(6 years, 5 months ago)
Written StatementsHer Majesty’s Government welcomed the sincere and well-informed debate on this highly topical subject on 7 March 2018, and therefore did not oppose the motion.
From the very beginning citizens have been at the heart of Her Majesty’s Government’s approach to negotiations. The Prime Minister was clear that safeguarding the rights of EU citizens living in the UK and UK nationals living in the EU was her first priority. This is a commitment we have delivered, and the agreement reached and set out in the withdrawal agreement text will provide citizens with certainty about their rights going forward.
The agreement grants citizens certainty about a wide range of rights, including residents’ healthcare, as well as pensions and other benefits. This will mean that UK nationals who are legally resident in the EU by the end of the implementation period will continue to benefit from rights that stem from their EU citizenship today. After the end of the implementation period, those rights will be provided for by the withdrawal agreement, which will enshrine them and take the status of international law, having direct effect in EU member states. The agreement will also be written into UK law by Parliament, to put in place reciprocal protections for EU citizens resident in the UK.
Her Majesty’s Government will always be happy to listen to any proposals on our exit from the European Union. However, as EU treaty provisions make clear, only citizens of EU member states are able to hold EU citizenship. This will mean that when the UK ceases to be a member of the European Union, UK nationals will no longer hold EU citizenship, unless they hold dual nationality of another EU member state.

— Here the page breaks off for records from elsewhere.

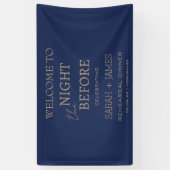 歓迎の前夜のミニマル結婚海軍 横断幕 (縦)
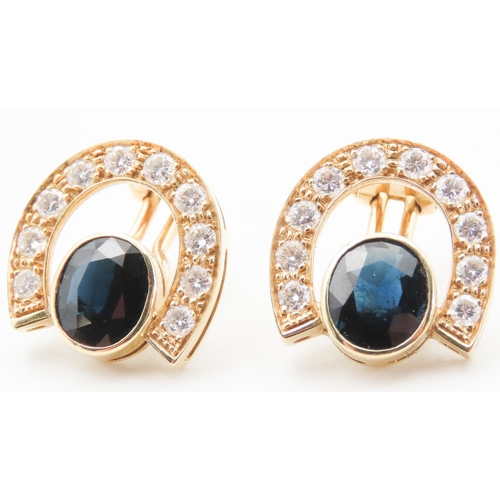 Unusual Pair of Sapphire and Diamond Set Earrings Mounted in 18 Carat Yellow Gold Total Diamond Carat Weight Approximately 1.20ct H-I Color SI Clarity 2cm High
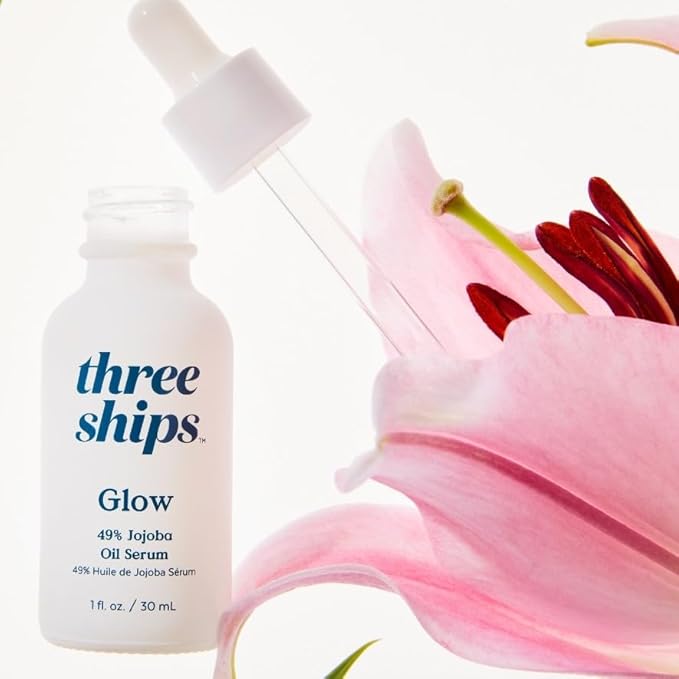 Three Ships - Glow 49% Jojoba Oil Serum | Helps Balance Skin, Control Oil, + Minimize the Look of Pores | Cruelty-Free, Vegan, Paraben-Free, Sensitive Skin Safe (1 fl oz | 30 mL)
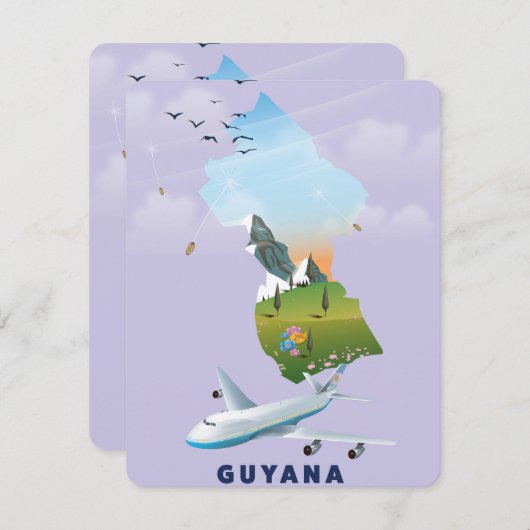 Guyana illustrated map poster (Front/Back)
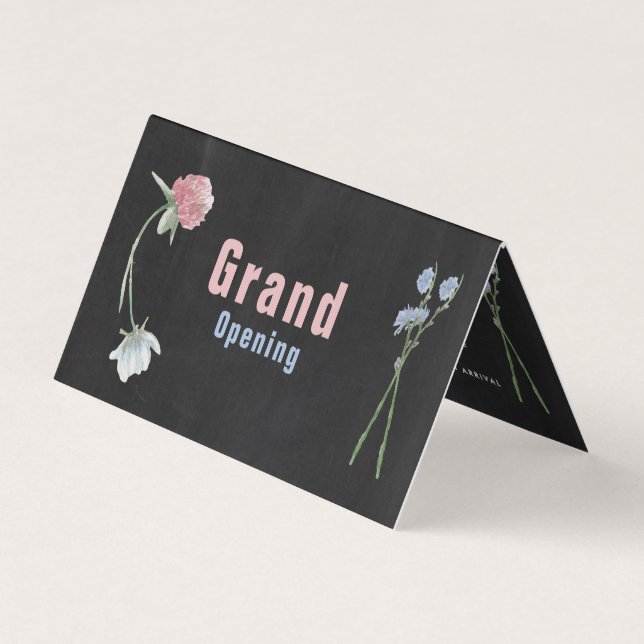 Wild floral Chalkboard Grand Opening Ceremony Card Visitenkarten (Vorderseite)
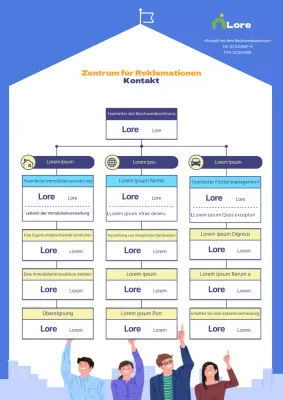 Blaue, saubere Illustration eines Vertreters einer Beschwerdestelle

To that end, associate EU citizenship is not one of our negotiating objectives and is not provided for by the EU treaties. For UK nationals to remain EU citizens after the UK’s exit from the EU, an amendment to the EU treaties would be required. Citizenship is the fundamental status of nationals of EU member states and while the EEA EFTA states are in the single market their nationals are not EU citizens and as such have more limited rights. This is not therefore something we could realistically expect the EU to agree to.
In March the Prime Minister set out the Government’s intention for a deep and special future partnership with the EU. She acknowledged that UK nationals will still want to work and study in EU countries—just as EU citizens will want to do the same here, helping to drive growth, innovation and enterprise. The Prime Minister made clear that businesses across the EU and the UK must be able to attract and employ the people they need, and that the Government are open to discussing how to facilitate these valuable links, within the context of new policies which manage migration at sustainable levels, in the UK’s best long-term interests.
Her Majesty’s Government will, at every step of these negotiations, work to secure the best possible deal for all UK nationals, including those currently living in the EU and those who wish to travel to the EU in future.
Her Majesty’s Government have been clear that as a result of leaving the European Union, the United Kingdom will no longer be a part of the single market. We have listened to EU leaders and we understand and respect the position that the four freedoms of the single market are indivisible and there can be no cherry-picking. Instead, we are seeking the broadest and deepest possible partnership with the EU—covering more sectors and co-operating more fully than any free trade agreement anywhere in the world today.
Her Majesty’s Government believe that UK nationals were citizens of Europe long before the introduction of EU citizenship through the Maastricht treaty in 1993. The United Kingdom may be leaving the political and legal structures of the EU, but UK nationals will not be any less European as a result.